Group 5 Research: A Background of the Aesthetic Movement and an Examination of the Roles Within It

The Aesthetic Movement began toward the end of the 19th century. It was made up of many different kinds of art, including fine art, poetry, literature, and music. The movement was defined by the notion that “beauty was the most important element in life” (Easby 2016).

Artists were creating pieces of work that embodied this ideal. This ideal was also codified in terms of pure viscerality and emotions. The emotive portion of aestheticism is by far the most important part of the movement, with Aesthetes forgoing stringent codes of morality in art so as to achieve freedom. And as the aesthetic movement forwent morality, its texts were largely devoid of prescriptive moral messages, rather giving the maxim to live life as art, which is to live life free. There is a lot of confusion around who the person was who began this movement; however, some research shows that aestheticism was coined by Oscar Wilde and Algernon Swinburne in literature specifically. This movement was known to be an important stepping stone to what is known as “modern art.” Poetry was a quintessential part of this movement, as a lot of the most influential works come from poets such as Morris, Swinburne, and Levy. Other influential writers such as Oscar Wilde were known to be “overly elaborate and ornate”, and utilized a more playful writing style.

  Morris, who was another very important writer during this time, instead “saw art as inseparable from political ideals” (Burdett 2014). In addition to this, Morris’ views can be interpreted as saying that separating art from politics carries a danger, for this monomaniac cult of Aestheticism will naturally reinforce bourgeois politics. The reinforcement comes via way of not using art as a political challenge and confronter, and the fact that artists of the Aesthetic movement were generally of the higher class (so, naturally they would see no issue with de-politicizing one of the most powerful tools for transformative change).These kinds of works and styles of writing were known as “creative as well as productive” (Burdett 2014). At the time, this style of writing and these writers were often seen as “alarming to the more conventional Victorians” (Burdett 2014).
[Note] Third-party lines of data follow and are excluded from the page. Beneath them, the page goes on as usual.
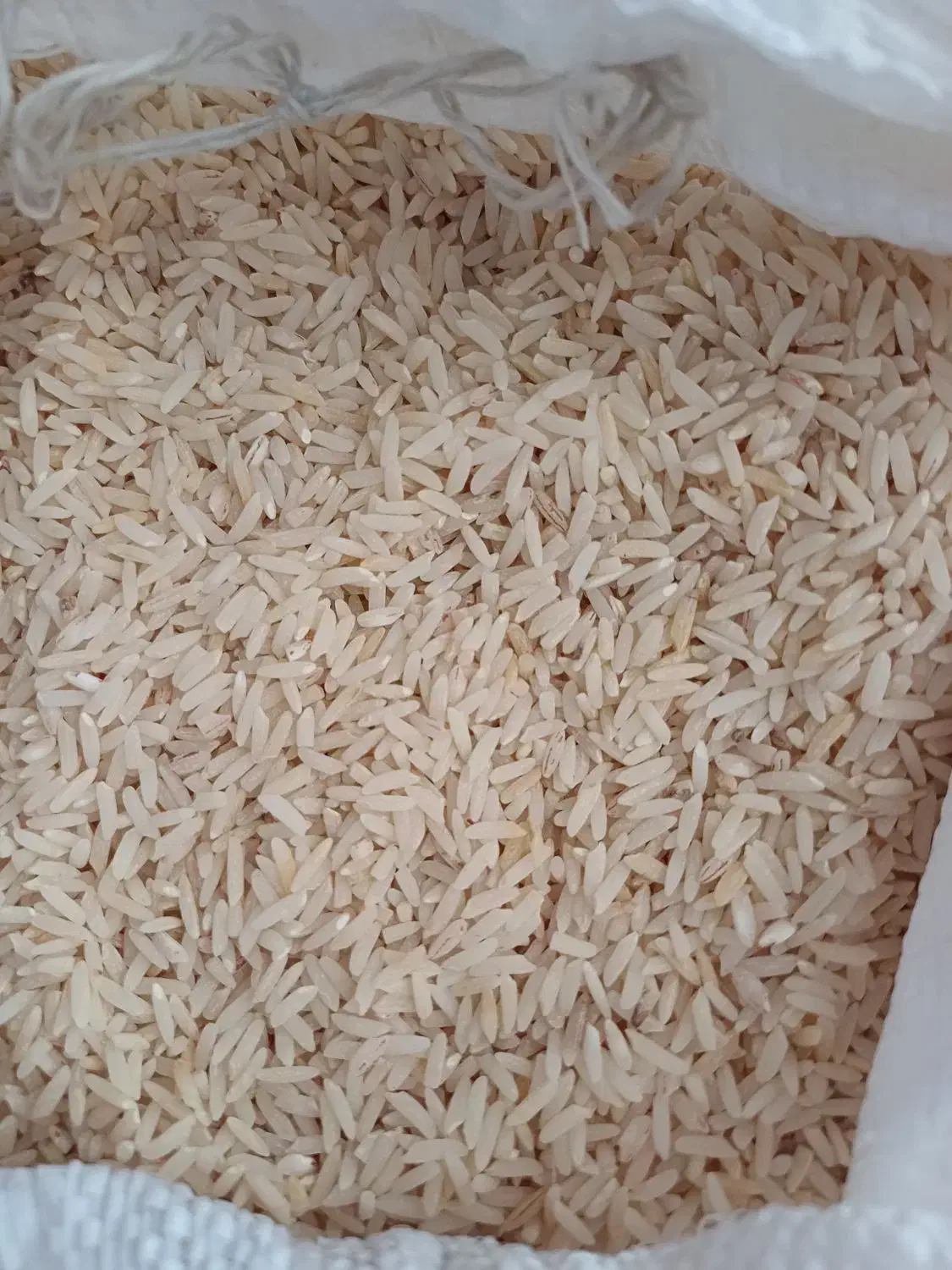 برنج طارم هاشمی(شمال)|خوردنی و آشامیدنی|ساری, |دیوار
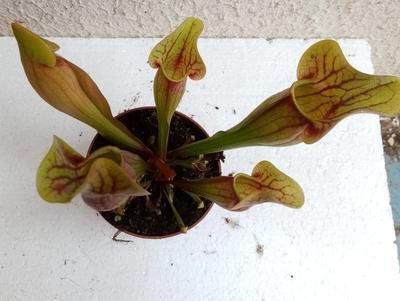 Sarracenia purpurea (hybr.) - 2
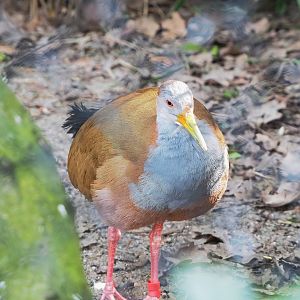 Giant wood rail (Aramides ypecaha), 2023-04-18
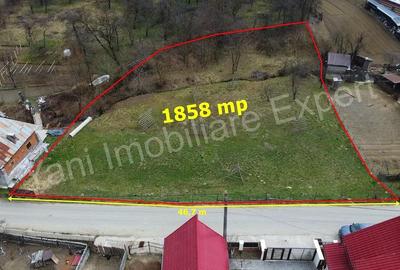 Teren de 1858 mp, în Dobrotu - 7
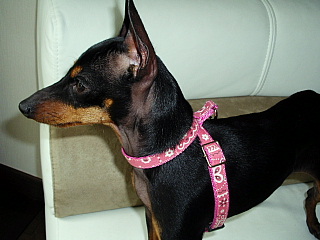 c0123149_22132422.jpg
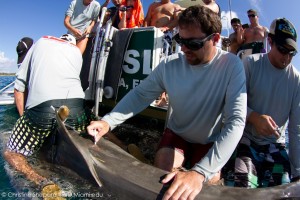 I work with a lab that satellite tags sharks to study their migration patterns, such as this large female tiger shark in the Bahamas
Aestheticism was often heavily criticized in the context of the time in which it was written in the form of satire in the news, especially when artists and writers would release these works.

Many aesthetic art pieces focused on beautiful women with long hair in stunning interiors decorated with peacock feathers and other luxuries. William Morris created stunning household textiles, wallpaper, and furniture. The most famous aesthetic artist, however, was acclaimed American artist James Abbott McNeill Whistler, who is best known for his self portrait of his mother sitting in a chair in a gray interior with a stern look on her face. His simplistic representations were constantly looking for a story with which to connect his pieces, and Whistler himself asserted that “the vast majority of English folk cannot and will not consider a picture as a picture, apart from any story from which it may be supposed to tell” (Easby 2016).